Ne laissons pas non plus dériver le débat sur des enjeux
religieux. Il s’agit d’une question politique de justice, de respect
du droit international, de la cause d’un peuple privé de son droit à
l’autodétermination.
C’est cet enjeu, colonial, qui bouscule aujourd’hui le monde. On
ne peut effacer l’existence d’un peuple comme on a voulu le faire
hier dans un pesant et coupable silence. La fureur jaillissante de
ces silences et de ces douleurs ne peut que se démultiplier. Que la
cause palestinienne se manifeste auprès du monde indispose au plus
haut point les faucons israéliens qui élèvent leur belliqueuse voix
contre le secrétaire général de l’ONU, tout en envoyant leurs
bombardiers et leurs chars raser Gaza. Notons qu’au cours des six
premiers jours de l’offensive guerrière, l’armée israélienne a largué
6000 bombes sur ce petit territoire soir autant que les États-Unis et
leurs alliés ont lâché sur l’Afghanistan en une seule année. Avec le
résultat que nous connaissons aujourd’hui !
En s’attaquant à Antonio Guterres, le pouvoir israélien veut
avoir les mains totalement libres. Du même mouvement, il
fracture encore plus le monde qui ne peut accepter ce qu’il fait aux
enfants de Gaza, dont on doit toujours rappeler qu’ils sont d’abord
les enfants de celles et ceux qui ont été chassés de leurs terres et
de leur maison et sont donc en grande majorité des réfugiés.

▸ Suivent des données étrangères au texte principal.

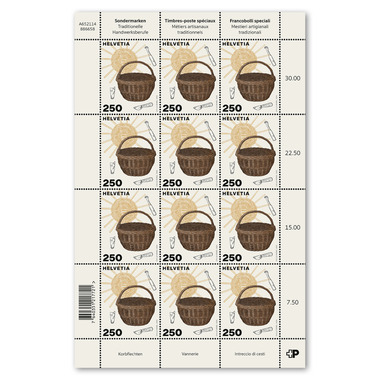 Stamps CHF 2.50 «Basket-weaving», sheet with 12 stamps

Nous en sommes au point où de plus en plus de voix, comme celles
du Centre américain pour les droits constitutionnels, de
l’organisation américaine anti-apartheid IfNotNow, d’experts de l’ONU
et de journalistes reconnus, qualifient l’offensive guerrière du
pouvoir israélien de « crime de guerre » et aussi de « crime de
génocide ». En effet, selon la convention des Nations unies pour la
prévention et la répression du crime de génocide, des actes commis « dans
l’intention de détruire, tout ou en partie, un groupe national,
ethnique, racial ou religieux comme tel » sont qualifiables de «
génocide ». La privation de nourriture, d’eau, d’électricité, les
déplacements massifs de civils, les bombardements sans discernement
peuvent relever de cette qualification juridique. Même, les juristes
de la cour pénale internationale qui ont pris la peine de se déplacer
à la porte de Rafah, ont appelé ces jours derniers au respect des «
lois de la guerre ».
Voilà le monde du ministre israélien des Affaires étrangères. Son
collègue ministre des Armées avait dit le 9 octobre : « Nous nous
battons contre des animaux humains », le président d’Israël Isaac
Herzog avait, lui, affirmant le 12 octobre que les Gazaouis portent
selon lui la responsabilité des actes du Hamas et le
porte-parole de l’armée Daniel Hagari n’a pas lésiné sur la franchise
en expliquant que le but recherché en bombardant Gaza était « les
dégâts et non la précision ». Il est vrai que, depuis, la moitié des
habitations de Gaza ont été détruites.
Aucun chef d’État et de gouvernement au monde n’aurait dû laisser
un ministre israélien insulter le secrétaire général des Nations
unies sans réagir ni réclamer de sanctions.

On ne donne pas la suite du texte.